3. Number of experts used to establish the ground truth for the test set and the qualifications of those experts:
- Not applicable / Not stated. Ground truth for diagnostic accuracy is not established for this device, as it does not perform automated diagnosis. The ground truth for software functionality would be the expected behavior of the software according to its specifications.
4. Adjudication method (e.g. 2+1, 3+1, none) for the test set:
- Not applicable. No clinical adjudication method is described, as this is neither a clinical study nor an AI diagnostic device.
5. If a multi-reader multi-case (MRMC) comparative effectiveness study was done, If so, what was the effect size of how much human readers improve with AI vs without AI assistance:
- No, an MRMC study was NOT done/described. The device explicitly states it has "No automated diagnostic interpretation capabilities like CAD are included. All image data are to be interpreted by trained personnel." Therefore, it does not offer AI assistance for diagnosis.
6. If a standalone (i.e. algorithm only without human-in-the-loop performance) was done:
- Not applicable. The device is a "Medical Image Management and Processing System" that provides tools for human interpretation; it is not a standalone diagnostic algorithm.
7. The type of ground truth used (expert consensus, pathology, outcomes data, etc.):
- Not applicable for diagnostic purposes. For software functionality, the ground truth is the defined behavior as per the software specifications and design.
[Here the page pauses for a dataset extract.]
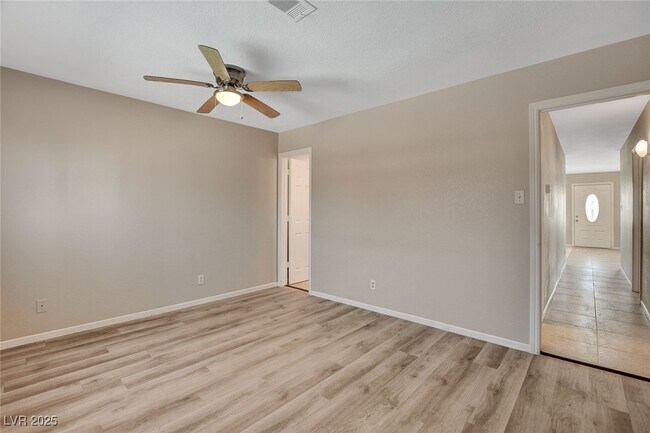 Building Photo - 620 Palmhurst Dr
8. The sample size for the training set:
- Not applicable/Not stated. The document explicitly states for the "Imaging algorithms" section that "No re-training or change in algorithm models was performed." This implies that the algorithms are traditional image processing algorithms, not machine learning models that require training data in the context of diagnostic AI. If there were any minor algorithmic adjustments, the training data for such classical algorithms is typically the mathematical formulation itself rather than a dataset of clinical cases for machine learning.
9. How the ground truth for the training set was established:
- Not applicable. As indicated above, there is no mention of "training" in the context of machine learning. The algorithms are described as undergoing "bug-fixing and minor improvements" but no "re-training or change in algorithm models."
§ 892.2050 Medical image management and processing system.
(a)
Identification. A medical image management and processing system is a device that provides one or more capabilities relating to the review and digital processing of medical images for the purposes of interpretation by a trained practitioner of disease detection, diagnosis, or patient management. The software components may provide advanced or complex image processing functions for image manipulation, enhancement, or quantification that are intended for use in the interpretation and analysis of medical images. Advanced image manipulation functions may include image segmentation, multimodality image registration, or 3D visualization. Complex quantitative functions may include semi-automated measurements or time-series measurements.(b)
Classification. Class II (special controls; voluntary standards—Digital Imaging and Communications in Medicine (DICOM) Std., Joint Photographic Experts Group (JPEG) Std., Society of Motion Picture and Television Engineers (SMPTE) Test Pattern).